Aug. 29 (Bloomberg) -- Swedish retail sales unexpectedly fell in July as a recovery in the largest Nordic economy is proving slow amid high unemployment.
The drop should be seen as a “temporary set-back” as nice weather “may have held back consumers from shopping,” Andreas Wallstroem, an analyst at Nordea Bank AB, said in a note. “Favorable conditions in the household sector, such as solid income growth and low inflation, should continue to support consumption.”
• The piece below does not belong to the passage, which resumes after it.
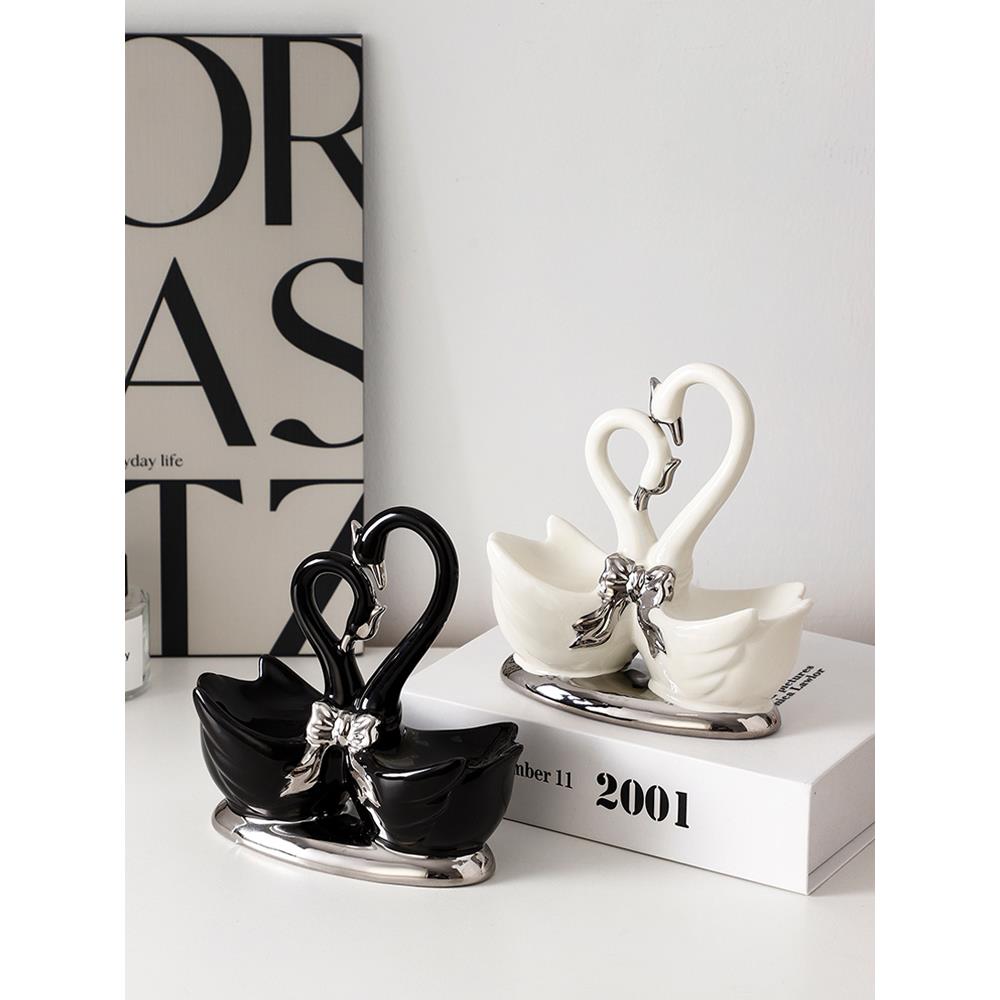 水晶球情侣天鹅摆件现代轻奢家居玄关客厅酒柜电视柜子装饰品对象 - 图1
Sales fell 0.7 percent in July after expanding 0.6 percent the previous month, Stockholm-based Statistics Sweden said today. The median estimate in a survey of six economists by Bloomberg was for a 0.1 percent gain. Sales rose 2.1 percent in the year, slowing from a revised 3.5 percent in June.
Sweden’s central bank will keep its main lending rate on hold until the first quarter 2015 to support a recovery of the country’s $540 billion economy, the Swedish National Institute of Economic Research predicted yesterday.
The krona slid 0.1 percent to 8.6906 per euro as of 11:05 a.m. in Stockholm.
“Increased consumer and business confidence points to a turnaround in the economy toward the end of the year,” NIER said. “The current low levels of resource utilization mean that recovery will be protracted, and so monetary policy will remain expansionary for several years to come.”
Sweden’s economy, whose exports account for about half of its output, will expand 1.5 percent this year and 3 percent in 2014, Svenska Handelsbanken AB forecast today. Still, unemployment will rise to an average 8.3 percent in 2014 from 8.1 percent this year, it said.